Work to complete
No picture belongs in the copy. Repeat each line below exactly.

Given data
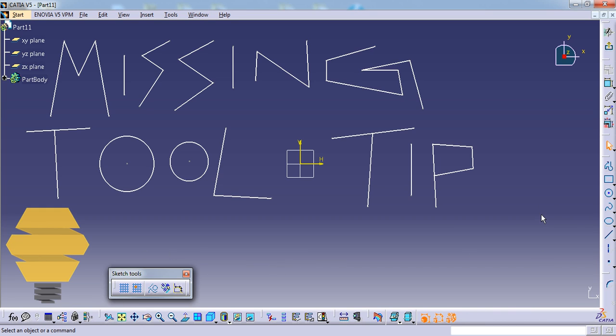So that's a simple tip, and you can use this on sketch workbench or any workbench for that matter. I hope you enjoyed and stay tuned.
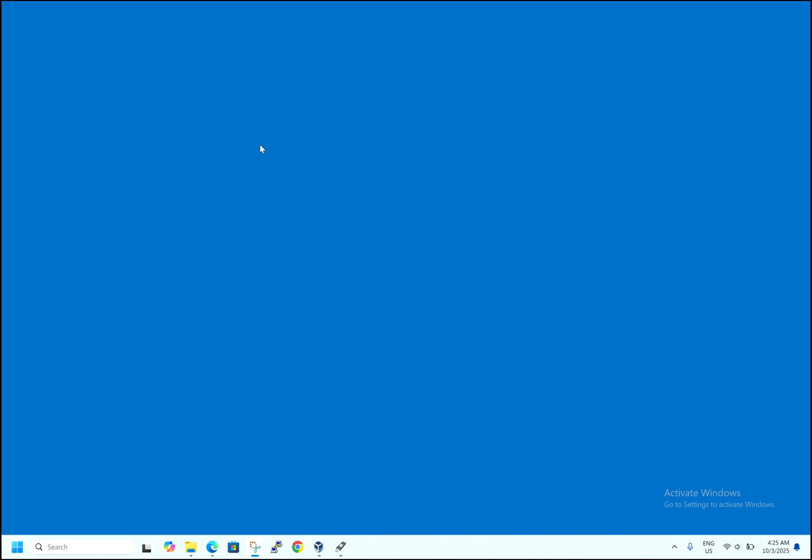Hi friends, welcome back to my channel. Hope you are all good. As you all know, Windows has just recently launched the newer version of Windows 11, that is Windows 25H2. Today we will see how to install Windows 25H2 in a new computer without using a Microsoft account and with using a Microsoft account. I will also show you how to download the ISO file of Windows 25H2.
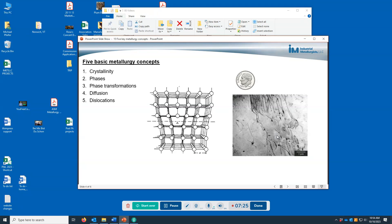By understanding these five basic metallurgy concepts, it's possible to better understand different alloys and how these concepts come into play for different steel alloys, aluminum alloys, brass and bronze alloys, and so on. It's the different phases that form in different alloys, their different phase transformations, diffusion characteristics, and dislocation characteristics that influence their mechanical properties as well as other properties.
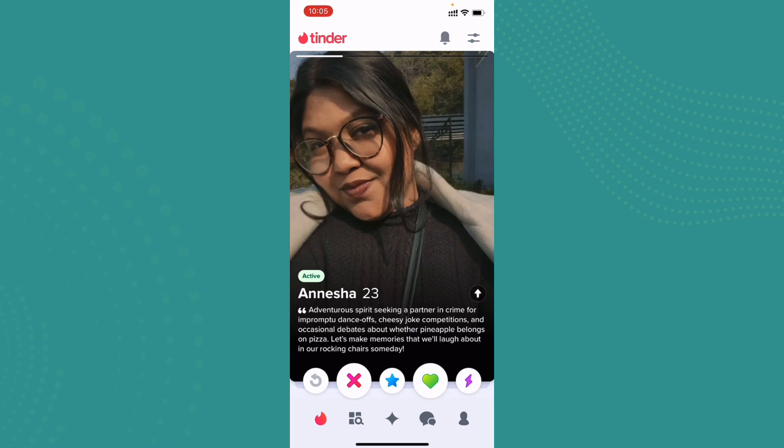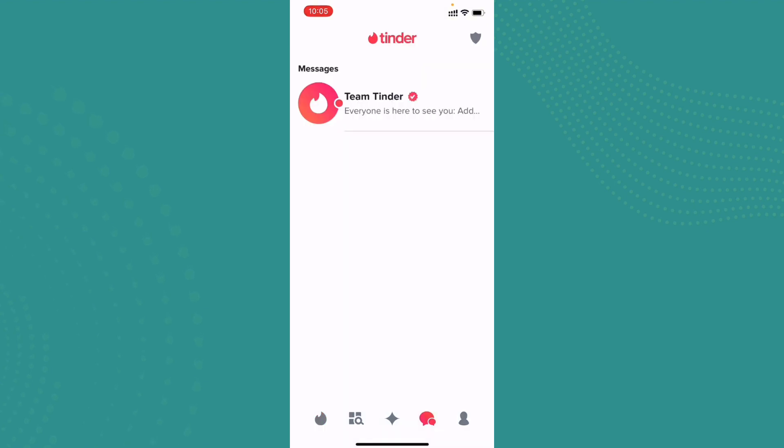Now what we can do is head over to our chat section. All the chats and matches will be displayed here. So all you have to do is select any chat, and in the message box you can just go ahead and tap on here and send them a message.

Solution
So that's a simple tip, and you can use this on sketch workbench or any workbench for that matter. I hope you enjoyed and stay tuned.
Hi friends, welcome back to my channel. Hope you are all good. As you all know, Windows has just recently launched the newer version of Windows 11, that is Windows 25H2. Today we will see how to install Windows 25H2 in a new computer without using a Microsoft account and with using a Microsoft account. I will also show you how to download the ISO file of Windows 25H2.
By understanding these five basic metallurgy concepts, it's possible to better understand different alloys and how these concepts come into play for different steel alloys, aluminum alloys, brass and bronze alloys, and so on. It's the different phases that form in different alloys, their different phase transformations, diffusion characteristics, and dislocation characteristics that influence their mechanical properties as well as other properties.
Now what we can do is head over to our chat section. All the chats and matches will be displayed here. So all you have to do is select any chat, and in the message box you can just go ahead and tap on here and send them a message.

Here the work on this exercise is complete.